How to follow AP; avoid the ‘f’ word

From the very first days of this weblog’s existence, and up to the recent past, your GetReligionistas have been asking mainstream journalists to meditate on the following passage found in the Associated Press Stylebook:

fundamentalist: The word gained usage in an early 20th century fundamentalist-modernist controversy within Protestantism. In recent years, however, fundamentalist has to a large extent taken on pejorative connotations except when applied to groups that stress strict, literal interpretations of Scripture and separation from other Christians.

“In general, do not use fundamentalist unless a group applies the word to itself.”
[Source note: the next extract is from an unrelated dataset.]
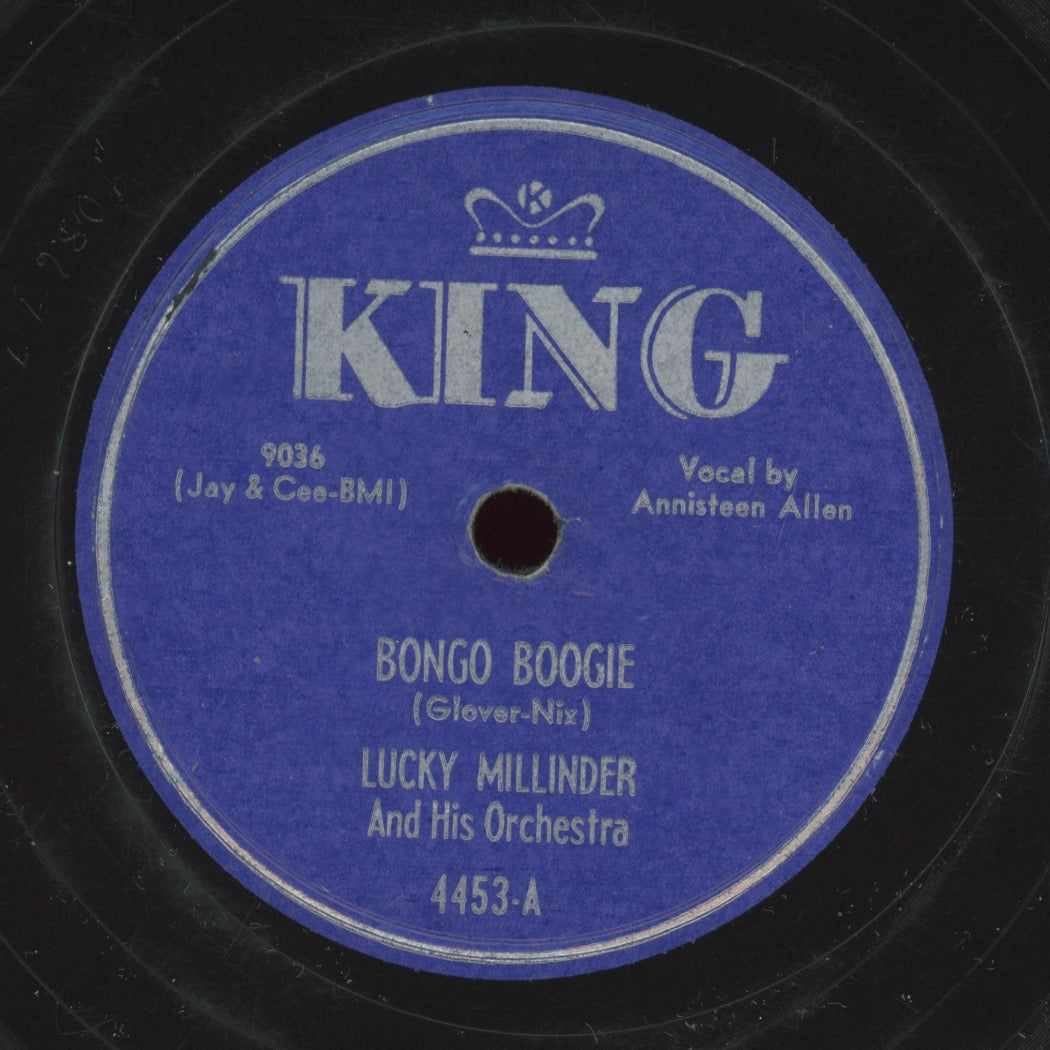 R&B 78 - Lucky Millinder And His Orchestra / Annisteen Allen - I'm Waiting Just For You / Bongo Boogie on King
Notice that the text correctly notes the Protestant roots of this term and correctly states that it is a fairly new term in the religion marketplace. It also stresses that there are people who accurately use this word to describe their own beliefs, such as the late Jerry Falwell. Notice that the Stylebook wisely urges journalists to avoid abusing this hot-button term in coverage of disputes among Christians.

So what are we, once again, to make of the following reference in a recent Washington Post story?

CUNIT, SPAIN – This sunny little resort on the Mediterranean shore has long been a favorite for weekenders seeking to escape the congestion of nearby Barcelona for a dose of sandy beaches and sea breezes.

But Cunit has gained a new distinction: It is famous in Spain as the town where a Moroccan-born Muslim woman with a master’s degree and a head of curly hair says she was threatened by Muslim fundamentalists because she took off her veil and tried to live like a Spaniard.

A few lines later, the label changes and then changes right back again:

The conflict roiling Cunit and its 12,000 inhabitants has shown Spaniards that they are not exempt from the growing tensions in Western Europe over Muslim immigrants who seek to preserve their home-country ways — and sometimes to impose a conservative strain of Islam — in societies based on secular democracy and Christian tradition. …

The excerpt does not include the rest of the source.